---------- SOURCE MATERIAL
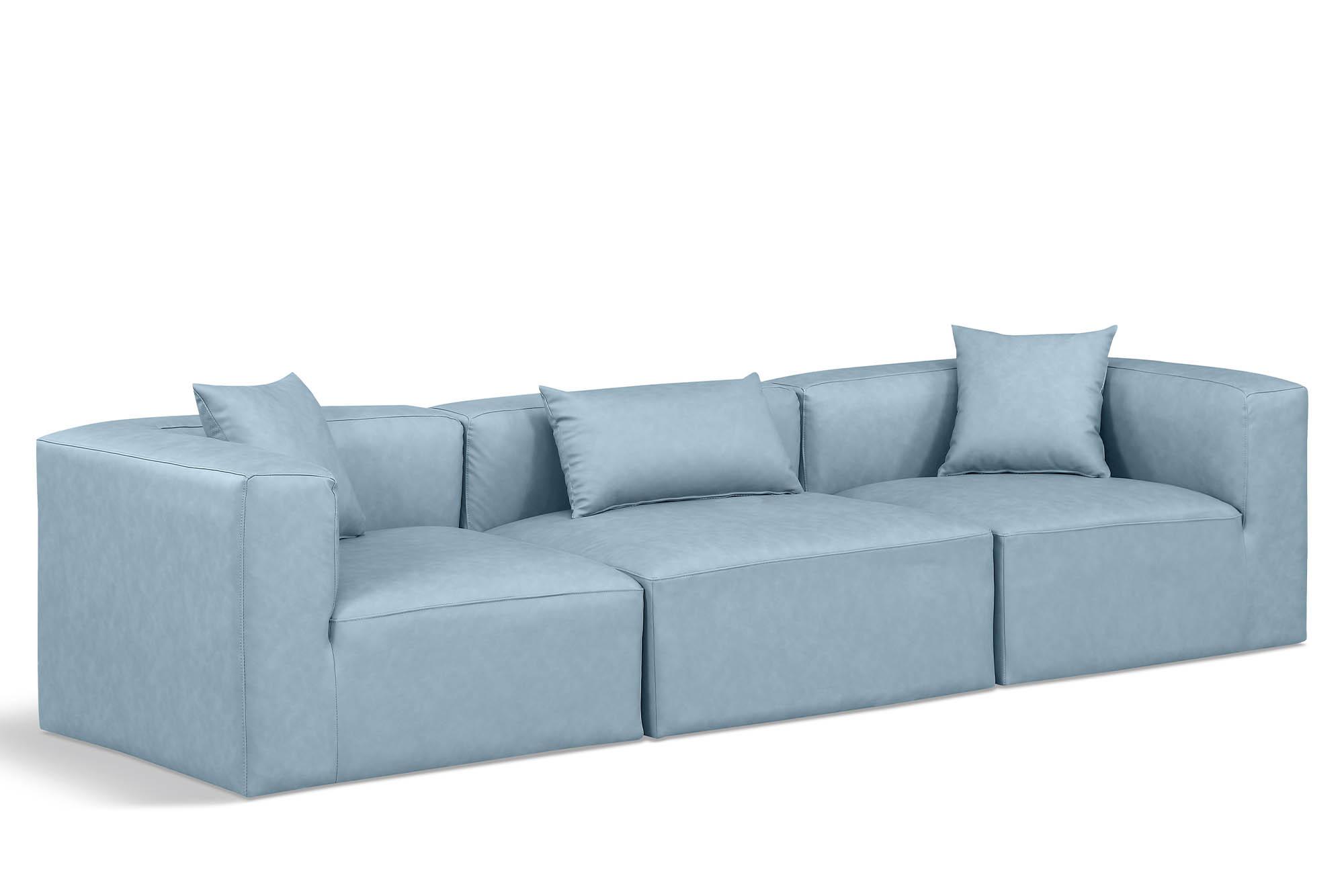 

    
Light Blue Faux Leather Modular Sofa CUBE 668LtBlu-S108B Meridian Contemporary
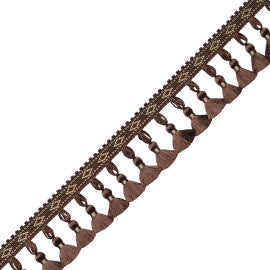 Délicat Silk Tassel Fringe Trim by Samuel & Sons in Walnut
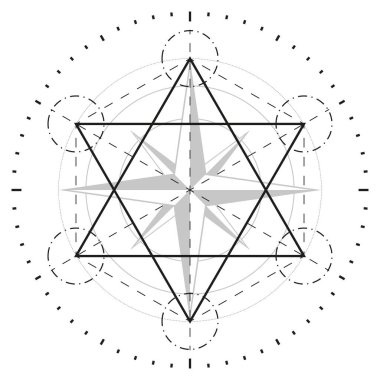 Kutsal geometri, din, ezoterik. Vektör çizimi. Piramit. Çevir. Rüzgarın gülü. Beyaz arkaplanda siyah çizgiler.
--------------------
▶ _WORK INSTRUCTION_:
Exactly the lines from the line with "Délicat Silk Tassel" through the end of the data are to be reproduced, and no picture is to be included.

▶ _EXPECTED ANSWER_:
 Délicat Silk Tassel Fringe Trim by Samuel & Sons in Walnut
 Kutsal geometri, din, ezoterik. Vektör çizimi. Piramit. Çevir. Rüzgarın gülü. Beyaz arkaplanda siyah çizgiler.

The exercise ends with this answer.